Directions » Within the entries below, please return exactly the lines from the one with "kool aid orange" through the one with "One Loved Mama", leaving out any pictures.

Data records »
● ● ● ●

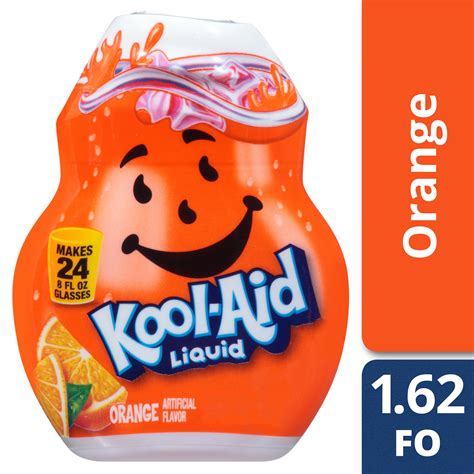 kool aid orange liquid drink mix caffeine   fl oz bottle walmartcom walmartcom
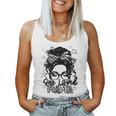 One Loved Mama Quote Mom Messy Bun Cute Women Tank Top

● ● ● ●

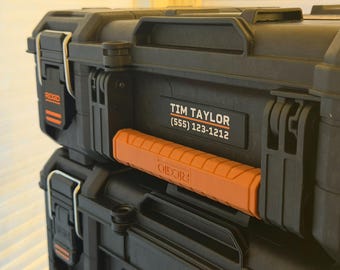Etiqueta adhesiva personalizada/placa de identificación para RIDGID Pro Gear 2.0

● ● ● ●

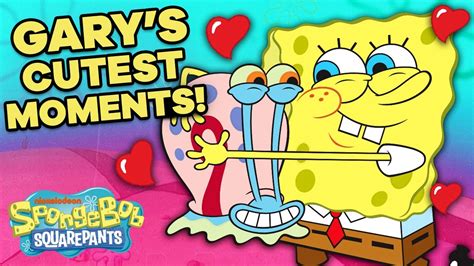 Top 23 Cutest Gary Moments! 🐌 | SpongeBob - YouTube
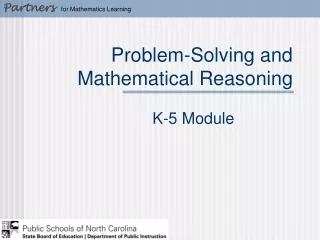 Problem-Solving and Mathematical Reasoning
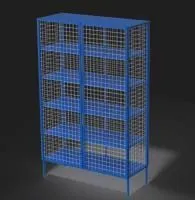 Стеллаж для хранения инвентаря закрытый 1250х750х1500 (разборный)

● ● ● ●

Exercise response »
 kool aid orange liquid drink mix caffeine   fl oz bottle walmartcom walmartcom
 One Loved Mama Quote Mom Messy Bun Cute Women Tank Top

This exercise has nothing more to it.